Another thing I changed in the file is I added a timestamp to our image name. This comes in handy when you’re building multiple versions and you need to maintain unique image names.
{
"builders": [{
"type": "azure-arm",
"client_id": "xxx",
"client_secret": "xxx",
"tenant_id": "72f988bf-86f1-41af-91ab-2d7cd011db47",
"subscription_id": "d19dddf3-9520-4226-a313-ae8ee08675e5",
"managed_image_resource_group_name": "image-rg",
"managed_image_name": "worker-{{timestamp}}",
"os_type": "Windows",
"image_publisher": "MicrosoftWindowsServer",
"image_offer": "WindowsServer",
"image_sku": "2016-Datacenter",
"communicator": "winrm",
"winrm_use_ssl": true,
"winrm_insecure": true,
"winrm_timeout": "5m",
"winrm_username": "packer",
"location": "westus2",
"vm_size": "Standard_DS2_v2"
}],
"provisioners": [
{
"type": "file",
"source": "worker.ps1",
"destination": "c:\\worker.ps1",
"direction": "upload"
},
{
"type": "powershell",
"inline": "c:\\worker.ps1"
}]
}This template will copy a file called worker.ps1 on our local system to the C-drive on our temporary system and execute that script. Please note that my target script also contains the sysprep logic that was previously executed in-line.
Adding variables to your template
Finally, you’ll probably also want to add variables to your template. This will allow you to re-use the same template and pass in updates or create different versions using variables.

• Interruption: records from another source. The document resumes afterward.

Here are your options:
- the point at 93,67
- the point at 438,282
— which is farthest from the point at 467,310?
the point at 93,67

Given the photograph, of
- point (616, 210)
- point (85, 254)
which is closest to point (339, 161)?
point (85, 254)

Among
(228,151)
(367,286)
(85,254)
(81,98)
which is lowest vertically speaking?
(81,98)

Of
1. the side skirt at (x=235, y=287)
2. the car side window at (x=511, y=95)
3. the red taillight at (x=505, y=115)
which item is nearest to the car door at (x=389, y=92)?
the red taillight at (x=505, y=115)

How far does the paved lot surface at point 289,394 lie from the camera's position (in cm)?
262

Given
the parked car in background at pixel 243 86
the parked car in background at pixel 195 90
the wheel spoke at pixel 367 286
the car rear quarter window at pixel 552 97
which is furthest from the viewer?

Let’s update our template to also allow for variables. We’ll add in 3 variables and reference those in the template.
{
"variables": {
"file1-download-url": "",
"file2-download-url": "",
"functionality": ""
},
"builders": [{
"type": "azure-arm",
"client_id": "xxx",
"client_secret": "xxx",
"tenant_id": "72f988bf-86f1-41af-91ab-2d7cd011db47",
"subscription_id": "d19dddf3-9520-4226-a313-ae8ee08675e5",
"managed_image_resource_group_name": "image-rg",
"managed_image_name": "{{user `functionality`}}-{{timestamp}}",
"os_type": "Windows",
"image_publisher": "MicrosoftWindowsServer",
"image_offer": "WindowsServer",
"image_sku": "2016-Datacenter",
"communicator": "winrm",
"winrm_use_ssl": true,
"winrm_insecure": true,
"winrm_timeout": "5m",
"winrm_username": "packer",
"location": "westus2",
"vm_size": "Standard_DS4_v2"
}],
"provisioners": [
{
"type": "file",
"source": "setup.ps1",
"destination": "c:\\setup.ps1",
"direction": "upload"
},
{
"type": "powershell",
"inline": "c:\\setup.ps1 -file1 '{{user `file1-download-url`}}' -file2 '{{user `file2-download-url`}}' -functionality '{{user `functionality`}}' "
}]
}And next to that, we can create a variables file:
{
"file1-download-url": "https://nfnstacc1.blob.core.windows.net/demo/blob.txt",
"file2-download-url": "https://nfnstacc1.blob.core.windows.net/demo/blob2.txt",
"functionality": "web-server"
}In order to deploy this using Packer, the following command will do the job:
packer build -var-file packer.vars.json packer.jsonConclusion
I had a blast playing around with Packer. It’s been on my ‘I want to play around with this’-list for a couple of months, and I never got around to it. Now that I’ve used it once, it showed me how easy it is to create custom images. I’ve spent to many hours logging into Windows boxes, and doing a mistake in the Sysprep configuration. Packer takes that burden away.
Now, there is an Azure service called the Image Builder. It would also run Packer under the cover, but I have no clue how that runs. Maybe that’s a topic for future exploration.